Era il primo aprile del 2012, Giorgio Chinaglia se ne era andato all’improvviso, la morte era avvenuta a Naples, un piccolo centro a sud della Florida davanti al Golfo del Messico e nella Roma biancazzurra quel lancio d’agenzia che si era diffuso immediatamente sui social era stato avvertito come un lutto familiare.

Una reazione emotiva ed affettiva naturale per il popolo biancoceleste, perché Giorgio era stato il calciatore più amato dai tifosi, quello che aveva restituito con i suoi gol e la sua voglia di vincere sempre, l’orgoglio di essere laziali, di essere i tifosi della prima squadra della Capitale, quella che aveva portato il calcio e il tifo a Roma.

Chinaglia tanto amato dalla sua gente ma anche il più temuto dagli avversari perché il più forte di tutti, il più grande di tutti, il più laziale di tutti. Era quello infatti che segnava sempre, quello che spezzava le dita ai portieri con le sue bombe da fuori area, quello che trascinava i compagni alla vittoria, quello che li scuoteva quando le cose andavano male in campo, quello che era sempre pronto a combattere col coltello fra i denti.

Quello che portò per mano la squadra alla conquista del suo primo scudetto. Quello che per tutti era Giorgio Chinaglia, il grido di battaglia. L’invincibile guerriero, Long John, Giorgione, l’idolo incontrastato di una piazza ribelle e anticonformista che grazie a lui aveva rialzato la testa dopo anni bui e di altalena con la serie B.

Quello che anche quando perdeva vinceva lo stesso e che quando vinceva stravinceva, sfidando la curva nemica correndo spavaldo sotto la stessa ed esultando all’impazzata come testimoniato dalla splendida foto di Marcello Geppetti che ha fatto il giro del mondo, scattata in quel famoso derby del 31 marzo 1974 vinto da lui e dalla Lazio.

Quello che al cinema, agli sberleffi e alle offese dei tifosi avversari, replicava a suon di cazzotti. Quello che andava a dormire con gli scarpini ai piedi. Quello che non faceva finire gli allenamenti al campo di Tor di Quinto finchè la sua formazione non batteva la rivale. 

Quello che i rigori li doveva battere sempre e solo lui, come l’indimenticabile e storico penalty tirato il 12 maggio del 1974, che assegnò il tricolore alla banda Maestrelli e fece diventare un sogno realtà.

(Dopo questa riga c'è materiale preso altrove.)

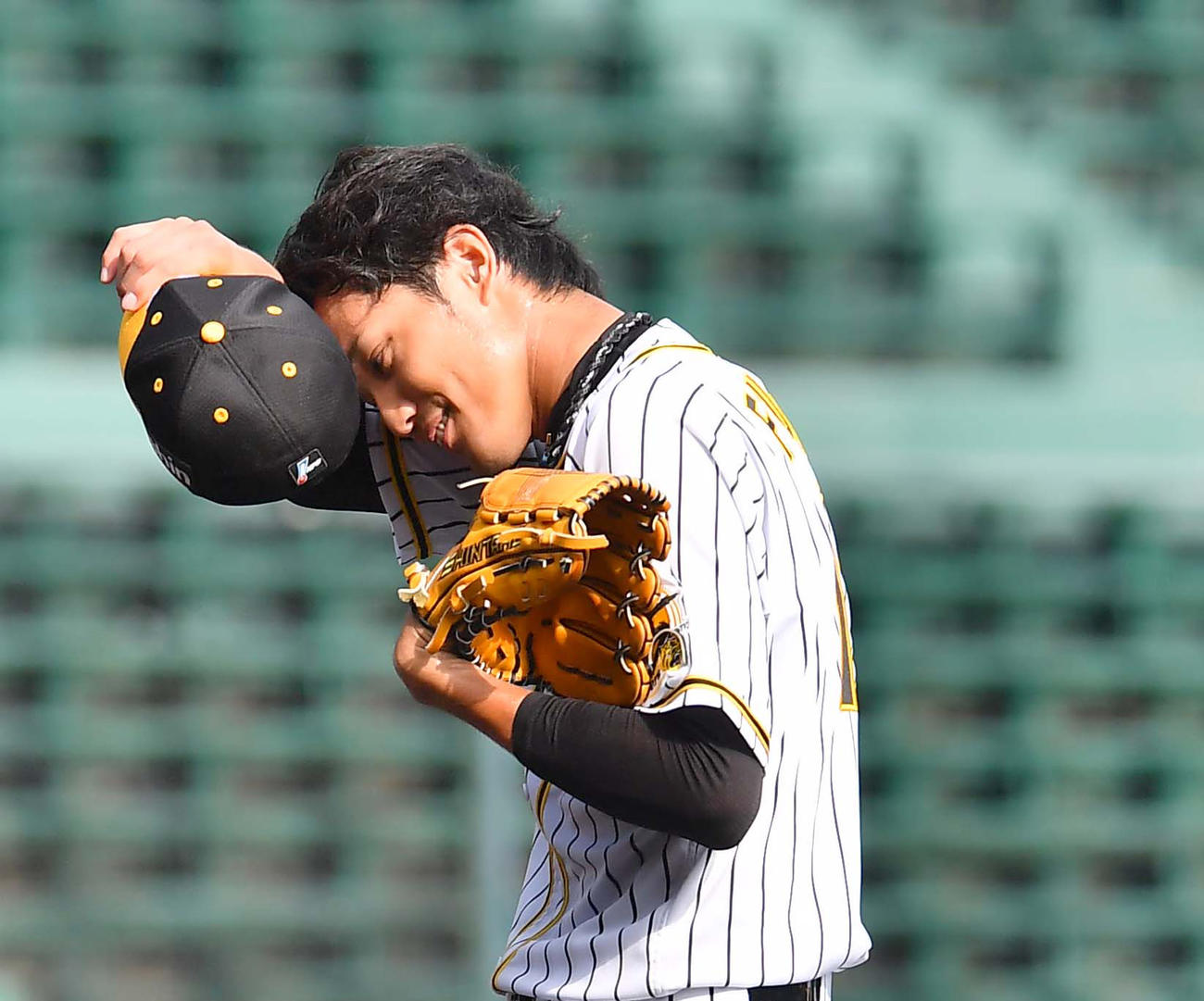 4回途中の降板に苦笑いを浮かべる藤浪（撮影・上田博志）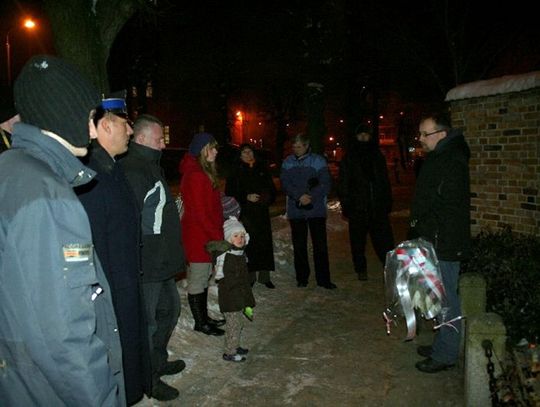 13 zniczy dla 13 ofiar egzekucji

Giorgio Chinaglia per sempre. Il grido di battaglia ieri, oggi, domani. 

Un amore infinito che ha superato la generazione di riferimento, una lunga, bella e anche tormentata storia d’amore che non ha subito crisi e tradimenti di sorta. Mai. E non poteva essere diversamente, perché nessuno è stato come lui, nessuno ha fatto quello che ha fatto lui e soprattutto perché nessuno ha smesso di volergli bene.

Tutti hanno sempre amato Long John a prescindere. Perché era Chinaglia, Giorgio Chinaglia, il numero uno, senza se e senza ma. Nella storia ultracentenaria della prima squadra della Capitale, mai nessuno è stato come lui. Lui è stato il più grande di tutti. Anche di chi è stato migliore tecnicamente o ha segnato più reti. 

Lui era un'altra cosa. Un simbolo, un eroe sportivo, un trascinatore. Non un semplice calciatore seppur capace di magie sul campo o magari col fiuto del gol. Era molto di più, era Giorgio Chinaglia, un tornado che spazzava via avversari e chi si metteva di traverso per ostacolare la Lazio, rendendo orgogliosa una tifoseria di appartenere a una comunità.

Ecco perchè ogni volta che ricorre il 1 aprile la nostalgia aumenta, perchè i ricordi si fanno più intensi e la mente va a tutto quello che "l'invicibile guerriero" ha fatto per la Lazio sul campo, con i suoi assalti, le sue cavalcate, i suoi gol, le sue imprese.

Sono passati dieci anni dalla sua scomparsa e da allora non è cambiato niente perchè l'amore nei suoi confronti è rimasto immutato. Un amore infinito trasmesso da padre in figlio. Perché lui era Chinaglia, Giorgio Chinaglia, il grido di battaglia di un popolo intero.